Assumptions and Knowledge
The assistant made several assumptions during this search. First, that the C++ implementation existed somewhere in the repository—a reasonable assumption given that the FFI binding compiled and linked successfully. Second, that the function name would be consistent across the Rust FFI declaration and the C++ definition—which proved correct. Third, that a grep would find it—which took multiple attempts with different search contexts.
The input knowledge required to understand this message includes: familiarity with Rust FFI patterns where C++ functions are declared extern "C" and called through Rust bindings; understanding of the Phase 12 split API design where prove_start returns a pending handle and prove_finish completes it; and knowledge of the proving pipeline architecture with its GPU workers, synthesis threads, and partition scheduling.
The output knowledge created by this message is the precise location of the C++ implementation and the structure of its call sites. This enables the assistant to read the CUDA source, add timing instrumentation around specific phases (mutex acquisition, barrier waits, NTT setup, MSM computation), and ultimately identify the H2D transfer as the root cause of GPU underutilization.
The Thinking Process
The reasoning visible in the surrounding messages shows a systematic narrowing of scope.
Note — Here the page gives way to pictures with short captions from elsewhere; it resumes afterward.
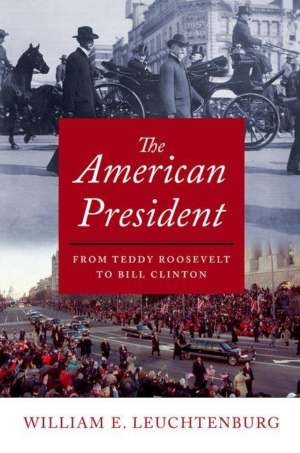 American President : From Teddy Roosevelt to Bill Clinton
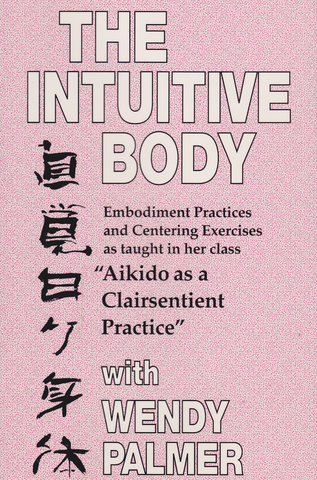 The Intuitive Body VHS by Wendy Palmer (Preowned) - Budovideos Inc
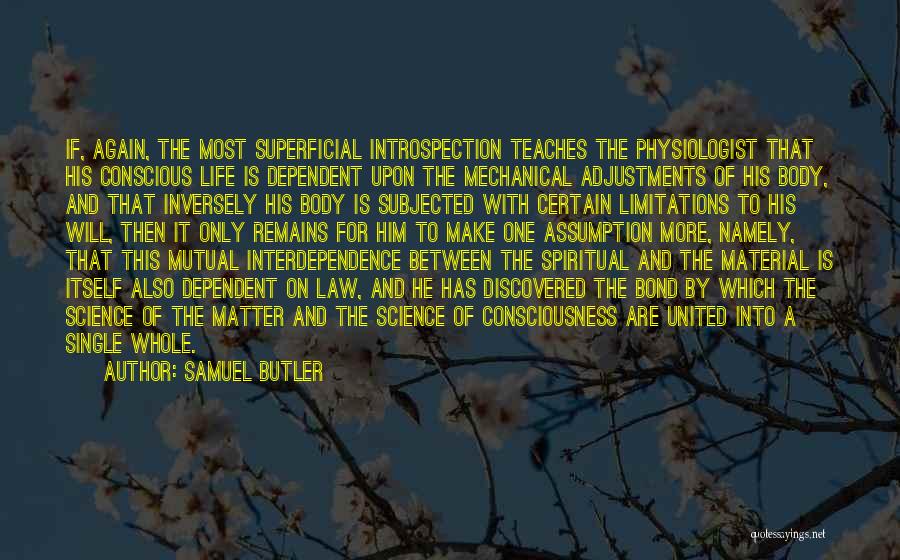 Samuel Butler Quotes: If, Again, The Most Superficial Introspection Teaches The Physiologist That His Conscious Life Is Dependent Upon The Mechanical Adjustments Of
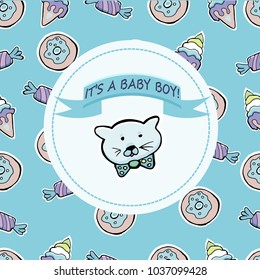 Vector baby shower greeting card. Text It's a Baby boy. Little kittens, donuts, cupcakes, ice cream, candy. Stickers.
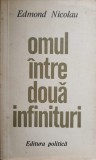 Omul Intre Doua Infinituri - Edmond Nicolau, Filosofie, 1972, Editura Politica, Limba Romana
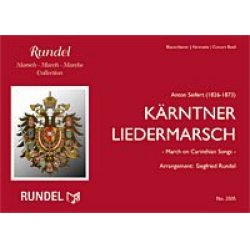 Kärntner Liedermarsch -Anton Seifert / Arr.Siegfried Rundel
The assistant started with high-level hypotheses (mutex contention, CPU overhead), then progressively drilled down through the call stack: from gpu_prove_start in pipeline.rs, to prove_start in bellperson's supraseal module, to start_groth16_proof in the FFI binding, and finally to generate_groth16_proofs_start_c in the CUDA source. Each step required finding the next layer of implementation, and each search failure prompted a refined search strategy.
The inconsistency between [msg 3019] (which found 2 matches) and [msg 3022] (which found none) suggests that the assistant's search tool may have been operating with different scope parameters—perhaps a directory-level vs. repository-wide search, or a file-type filter that excluded .cu files. The successful search in [msg 3023] likely used a broader scope that included the cuda/ subdirectory.
This message exemplifies a common pattern in debugging complex systems: the critical evidence is often hidden behind a search that initially fails, and persistence in refining the search strategy is what ultimately breaks the case. A single grep command, executed at the right moment with the right scope, transformed the investigation from speculation to targeted analysis.